Check every line of the data below for the word "make". Copy the ones that have it.

- Working data -
==========

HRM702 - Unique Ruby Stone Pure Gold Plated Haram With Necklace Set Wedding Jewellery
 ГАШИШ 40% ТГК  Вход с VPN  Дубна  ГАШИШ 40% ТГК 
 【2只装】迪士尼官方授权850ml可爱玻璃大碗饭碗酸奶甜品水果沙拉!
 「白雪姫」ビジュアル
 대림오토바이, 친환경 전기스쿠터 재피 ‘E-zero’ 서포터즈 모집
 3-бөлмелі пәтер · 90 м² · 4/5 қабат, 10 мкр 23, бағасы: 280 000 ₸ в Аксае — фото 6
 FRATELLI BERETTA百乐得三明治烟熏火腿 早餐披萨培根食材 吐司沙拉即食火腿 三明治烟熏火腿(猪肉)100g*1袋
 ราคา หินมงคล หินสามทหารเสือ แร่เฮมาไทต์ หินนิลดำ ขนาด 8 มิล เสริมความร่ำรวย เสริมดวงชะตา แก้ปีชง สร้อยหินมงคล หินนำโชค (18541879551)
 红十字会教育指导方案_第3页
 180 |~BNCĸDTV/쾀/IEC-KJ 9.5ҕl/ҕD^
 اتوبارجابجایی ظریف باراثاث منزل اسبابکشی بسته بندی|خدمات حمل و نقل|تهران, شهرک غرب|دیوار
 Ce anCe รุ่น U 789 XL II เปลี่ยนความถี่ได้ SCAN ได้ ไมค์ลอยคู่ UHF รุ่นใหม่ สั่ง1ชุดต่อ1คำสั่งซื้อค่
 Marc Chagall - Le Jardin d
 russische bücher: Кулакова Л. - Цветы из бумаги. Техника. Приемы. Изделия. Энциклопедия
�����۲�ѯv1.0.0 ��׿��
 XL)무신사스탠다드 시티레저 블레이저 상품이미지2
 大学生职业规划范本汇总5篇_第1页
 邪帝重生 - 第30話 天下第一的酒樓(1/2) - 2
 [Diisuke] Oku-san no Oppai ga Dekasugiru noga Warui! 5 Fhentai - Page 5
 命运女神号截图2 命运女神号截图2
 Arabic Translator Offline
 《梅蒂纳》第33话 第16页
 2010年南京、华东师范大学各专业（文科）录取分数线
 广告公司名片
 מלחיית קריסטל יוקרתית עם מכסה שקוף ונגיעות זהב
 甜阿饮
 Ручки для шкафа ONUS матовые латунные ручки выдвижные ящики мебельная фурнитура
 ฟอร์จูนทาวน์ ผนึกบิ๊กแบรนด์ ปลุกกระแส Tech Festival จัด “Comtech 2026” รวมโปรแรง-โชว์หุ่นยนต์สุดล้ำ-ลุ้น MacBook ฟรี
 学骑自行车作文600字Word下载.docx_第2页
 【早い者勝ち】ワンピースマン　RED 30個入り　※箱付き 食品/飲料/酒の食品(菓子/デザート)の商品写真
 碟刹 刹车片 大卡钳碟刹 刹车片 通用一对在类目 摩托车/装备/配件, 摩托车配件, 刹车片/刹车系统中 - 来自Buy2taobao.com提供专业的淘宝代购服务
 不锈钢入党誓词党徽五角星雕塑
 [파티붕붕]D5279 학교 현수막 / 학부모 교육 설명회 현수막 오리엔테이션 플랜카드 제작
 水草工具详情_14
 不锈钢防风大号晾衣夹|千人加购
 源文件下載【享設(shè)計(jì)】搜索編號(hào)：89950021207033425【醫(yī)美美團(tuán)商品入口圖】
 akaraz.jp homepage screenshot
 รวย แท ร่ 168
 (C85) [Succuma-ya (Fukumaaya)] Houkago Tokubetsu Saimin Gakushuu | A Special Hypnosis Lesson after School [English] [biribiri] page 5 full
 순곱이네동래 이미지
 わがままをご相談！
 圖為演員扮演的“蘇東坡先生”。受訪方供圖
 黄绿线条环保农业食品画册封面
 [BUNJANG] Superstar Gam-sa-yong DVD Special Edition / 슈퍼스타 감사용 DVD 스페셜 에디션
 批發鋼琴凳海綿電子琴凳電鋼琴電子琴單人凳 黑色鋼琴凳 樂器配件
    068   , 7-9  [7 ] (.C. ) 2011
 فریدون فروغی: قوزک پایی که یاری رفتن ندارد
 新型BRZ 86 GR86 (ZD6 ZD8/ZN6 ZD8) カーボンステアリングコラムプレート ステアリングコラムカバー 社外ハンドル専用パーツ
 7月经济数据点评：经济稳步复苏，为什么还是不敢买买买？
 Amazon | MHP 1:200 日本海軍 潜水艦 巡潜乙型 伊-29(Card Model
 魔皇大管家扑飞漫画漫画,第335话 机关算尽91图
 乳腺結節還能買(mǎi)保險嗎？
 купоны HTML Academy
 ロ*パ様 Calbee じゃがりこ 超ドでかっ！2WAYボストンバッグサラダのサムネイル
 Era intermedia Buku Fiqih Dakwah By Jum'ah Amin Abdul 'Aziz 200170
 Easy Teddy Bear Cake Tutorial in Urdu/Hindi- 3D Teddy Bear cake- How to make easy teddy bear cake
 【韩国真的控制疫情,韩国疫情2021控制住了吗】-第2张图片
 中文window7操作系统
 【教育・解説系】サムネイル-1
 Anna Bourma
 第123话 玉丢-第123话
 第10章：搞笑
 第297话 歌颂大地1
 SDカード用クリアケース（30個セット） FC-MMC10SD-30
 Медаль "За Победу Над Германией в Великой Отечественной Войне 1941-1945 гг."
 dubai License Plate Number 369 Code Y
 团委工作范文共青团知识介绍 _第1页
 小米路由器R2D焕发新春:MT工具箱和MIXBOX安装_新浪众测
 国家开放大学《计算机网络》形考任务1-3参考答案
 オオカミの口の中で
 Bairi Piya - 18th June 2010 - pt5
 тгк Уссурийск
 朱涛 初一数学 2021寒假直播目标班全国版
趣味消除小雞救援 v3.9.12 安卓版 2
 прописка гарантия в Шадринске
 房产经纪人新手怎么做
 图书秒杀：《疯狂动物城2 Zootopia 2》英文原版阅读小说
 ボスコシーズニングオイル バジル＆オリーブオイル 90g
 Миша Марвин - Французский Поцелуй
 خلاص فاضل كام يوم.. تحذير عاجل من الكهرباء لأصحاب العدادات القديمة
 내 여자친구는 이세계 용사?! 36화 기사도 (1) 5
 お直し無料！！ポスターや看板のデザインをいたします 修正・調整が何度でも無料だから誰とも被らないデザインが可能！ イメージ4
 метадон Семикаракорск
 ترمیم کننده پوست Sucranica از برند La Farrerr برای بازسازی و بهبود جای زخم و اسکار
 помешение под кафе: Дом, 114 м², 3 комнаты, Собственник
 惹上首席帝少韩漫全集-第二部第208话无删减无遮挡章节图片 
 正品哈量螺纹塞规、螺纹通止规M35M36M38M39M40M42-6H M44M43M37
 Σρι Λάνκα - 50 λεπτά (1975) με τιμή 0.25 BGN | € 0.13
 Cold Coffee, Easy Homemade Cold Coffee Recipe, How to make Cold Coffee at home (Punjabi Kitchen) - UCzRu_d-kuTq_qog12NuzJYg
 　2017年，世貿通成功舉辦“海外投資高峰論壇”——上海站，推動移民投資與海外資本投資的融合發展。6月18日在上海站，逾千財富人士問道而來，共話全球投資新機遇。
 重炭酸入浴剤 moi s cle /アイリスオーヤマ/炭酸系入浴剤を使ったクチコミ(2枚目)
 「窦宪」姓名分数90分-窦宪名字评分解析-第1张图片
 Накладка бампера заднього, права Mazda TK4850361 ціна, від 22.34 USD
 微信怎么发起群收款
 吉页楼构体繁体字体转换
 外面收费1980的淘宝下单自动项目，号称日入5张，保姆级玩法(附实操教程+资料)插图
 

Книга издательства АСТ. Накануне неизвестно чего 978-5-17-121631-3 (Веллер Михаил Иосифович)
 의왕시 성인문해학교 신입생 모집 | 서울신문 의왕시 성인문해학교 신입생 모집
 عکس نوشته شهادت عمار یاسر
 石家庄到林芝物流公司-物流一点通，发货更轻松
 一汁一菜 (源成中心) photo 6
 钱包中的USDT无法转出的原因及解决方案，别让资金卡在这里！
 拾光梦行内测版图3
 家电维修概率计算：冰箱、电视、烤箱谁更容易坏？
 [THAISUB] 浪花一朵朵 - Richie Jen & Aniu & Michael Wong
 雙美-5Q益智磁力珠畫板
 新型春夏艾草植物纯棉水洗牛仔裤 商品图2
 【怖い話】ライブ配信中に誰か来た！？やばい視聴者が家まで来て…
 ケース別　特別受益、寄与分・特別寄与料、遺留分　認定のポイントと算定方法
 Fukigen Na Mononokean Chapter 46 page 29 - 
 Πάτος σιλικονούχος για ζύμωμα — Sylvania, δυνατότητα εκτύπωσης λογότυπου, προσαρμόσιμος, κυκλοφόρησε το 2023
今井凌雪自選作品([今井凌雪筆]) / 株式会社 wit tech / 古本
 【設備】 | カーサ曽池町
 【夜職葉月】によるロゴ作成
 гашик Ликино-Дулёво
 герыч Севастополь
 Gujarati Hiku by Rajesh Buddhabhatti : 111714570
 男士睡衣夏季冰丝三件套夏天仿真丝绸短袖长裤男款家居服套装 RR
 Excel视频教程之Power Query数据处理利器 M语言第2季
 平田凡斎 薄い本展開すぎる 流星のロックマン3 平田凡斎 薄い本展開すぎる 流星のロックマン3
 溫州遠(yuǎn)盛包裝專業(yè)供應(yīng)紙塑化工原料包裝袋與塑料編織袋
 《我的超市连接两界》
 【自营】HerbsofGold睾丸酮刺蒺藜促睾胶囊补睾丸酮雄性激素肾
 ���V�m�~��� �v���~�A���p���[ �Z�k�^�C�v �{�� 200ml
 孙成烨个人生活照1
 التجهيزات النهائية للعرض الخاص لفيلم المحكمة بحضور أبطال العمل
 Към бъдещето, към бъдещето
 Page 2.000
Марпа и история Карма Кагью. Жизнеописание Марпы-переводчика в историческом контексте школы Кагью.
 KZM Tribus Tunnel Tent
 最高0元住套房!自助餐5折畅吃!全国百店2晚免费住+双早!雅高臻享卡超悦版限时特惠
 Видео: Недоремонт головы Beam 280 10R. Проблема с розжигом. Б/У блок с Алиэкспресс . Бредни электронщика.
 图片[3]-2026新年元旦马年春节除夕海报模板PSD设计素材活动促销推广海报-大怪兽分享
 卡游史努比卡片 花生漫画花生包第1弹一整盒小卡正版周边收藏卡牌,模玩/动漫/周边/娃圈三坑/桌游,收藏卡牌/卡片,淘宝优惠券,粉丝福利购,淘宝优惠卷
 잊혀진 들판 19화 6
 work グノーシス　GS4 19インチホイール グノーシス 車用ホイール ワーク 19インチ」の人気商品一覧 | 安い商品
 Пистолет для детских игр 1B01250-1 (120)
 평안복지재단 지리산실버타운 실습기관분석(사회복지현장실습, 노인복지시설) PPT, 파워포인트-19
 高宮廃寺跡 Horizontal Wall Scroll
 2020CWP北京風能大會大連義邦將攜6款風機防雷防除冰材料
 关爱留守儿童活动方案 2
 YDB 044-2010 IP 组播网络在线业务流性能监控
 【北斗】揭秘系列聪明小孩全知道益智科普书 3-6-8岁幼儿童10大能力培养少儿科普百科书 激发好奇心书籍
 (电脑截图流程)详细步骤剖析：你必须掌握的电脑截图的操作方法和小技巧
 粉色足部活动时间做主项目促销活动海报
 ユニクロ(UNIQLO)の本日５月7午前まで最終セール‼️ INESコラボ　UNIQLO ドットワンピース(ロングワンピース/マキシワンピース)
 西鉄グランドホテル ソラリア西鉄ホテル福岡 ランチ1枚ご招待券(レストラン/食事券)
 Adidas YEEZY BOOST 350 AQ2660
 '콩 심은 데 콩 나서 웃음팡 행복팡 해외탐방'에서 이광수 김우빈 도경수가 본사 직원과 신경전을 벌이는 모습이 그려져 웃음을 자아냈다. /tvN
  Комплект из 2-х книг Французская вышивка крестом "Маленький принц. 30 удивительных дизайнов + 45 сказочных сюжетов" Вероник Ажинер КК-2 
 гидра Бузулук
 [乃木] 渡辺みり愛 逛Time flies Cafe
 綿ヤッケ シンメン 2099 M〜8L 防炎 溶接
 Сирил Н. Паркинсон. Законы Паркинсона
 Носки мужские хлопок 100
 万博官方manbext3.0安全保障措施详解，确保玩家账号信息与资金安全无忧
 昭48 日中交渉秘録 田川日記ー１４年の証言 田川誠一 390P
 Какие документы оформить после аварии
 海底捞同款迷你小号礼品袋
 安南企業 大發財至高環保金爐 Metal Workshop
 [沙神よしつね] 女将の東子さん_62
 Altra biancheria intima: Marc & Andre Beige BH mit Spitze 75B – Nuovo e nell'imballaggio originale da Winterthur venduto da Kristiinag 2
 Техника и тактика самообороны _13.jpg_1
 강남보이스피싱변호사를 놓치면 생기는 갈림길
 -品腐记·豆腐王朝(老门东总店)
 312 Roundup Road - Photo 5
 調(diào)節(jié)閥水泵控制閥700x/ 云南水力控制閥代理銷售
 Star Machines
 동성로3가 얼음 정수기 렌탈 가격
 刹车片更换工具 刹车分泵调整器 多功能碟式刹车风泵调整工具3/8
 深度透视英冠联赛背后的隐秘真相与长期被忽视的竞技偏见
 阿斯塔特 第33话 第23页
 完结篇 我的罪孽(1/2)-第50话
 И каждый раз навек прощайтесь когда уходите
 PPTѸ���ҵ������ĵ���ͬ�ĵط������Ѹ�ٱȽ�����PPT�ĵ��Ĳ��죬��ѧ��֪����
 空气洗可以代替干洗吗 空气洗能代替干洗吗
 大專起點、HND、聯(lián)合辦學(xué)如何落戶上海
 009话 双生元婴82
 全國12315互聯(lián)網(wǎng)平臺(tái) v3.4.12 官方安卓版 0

==========

- Response to the exercise -
 Easy Teddy Bear Cake Tutorial in Urdu/Hindi- 3D Teddy Bear cake- How to make easy teddy bear cake
 Cold Coffee, Easy Homemade Cold Coffee Recipe, How to make Cold Coffee at home (Punjabi Kitchen) - UCzRu_d-kuTq_qog12NuzJYg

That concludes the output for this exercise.